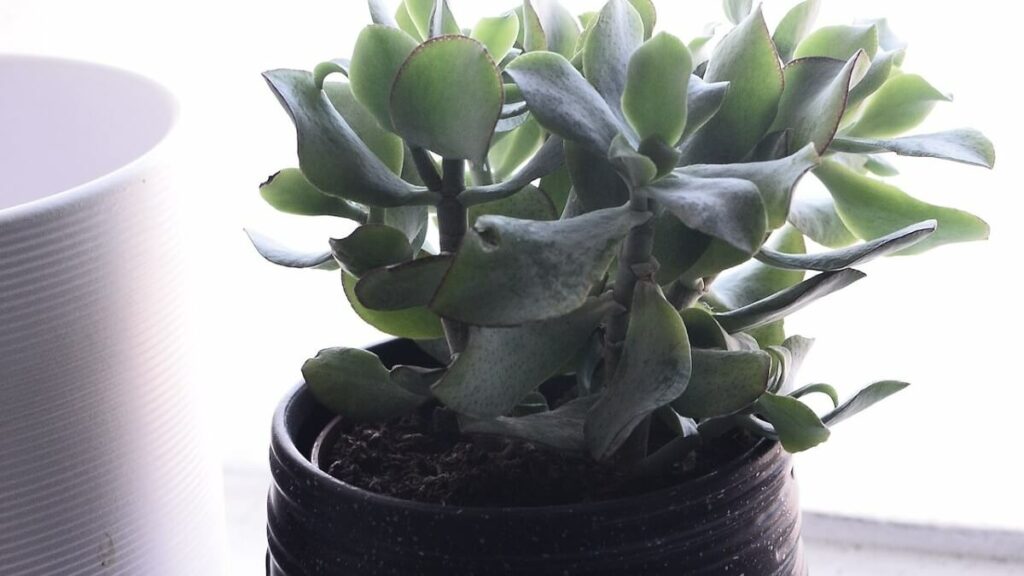 Planta Jade como cuidar: 13 dicas para cultivar corretamente! 5 Vaso com uma planta jade e muita luz ao fundo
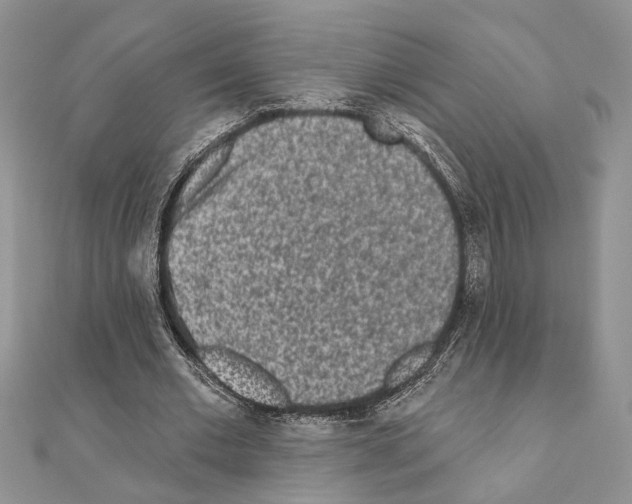 X0000110860677200907301352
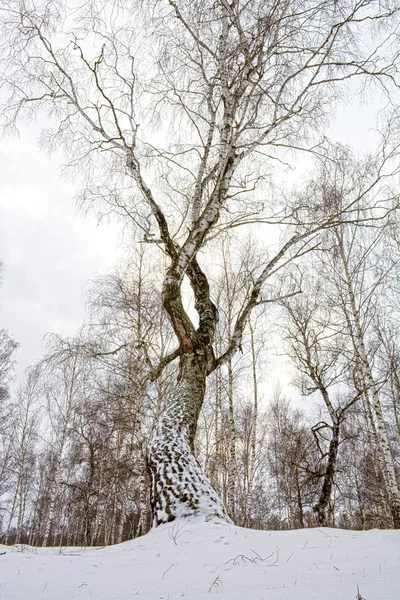 Alte Birke — Stockfoto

_Task to carry out_
Output a verbatim copy of the lines from the line containing "X0000110860677200907301352" through the end of the data, both included, without any images.

_Your response_
 X0000110860677200907301352
 Alte Birke — Stockfoto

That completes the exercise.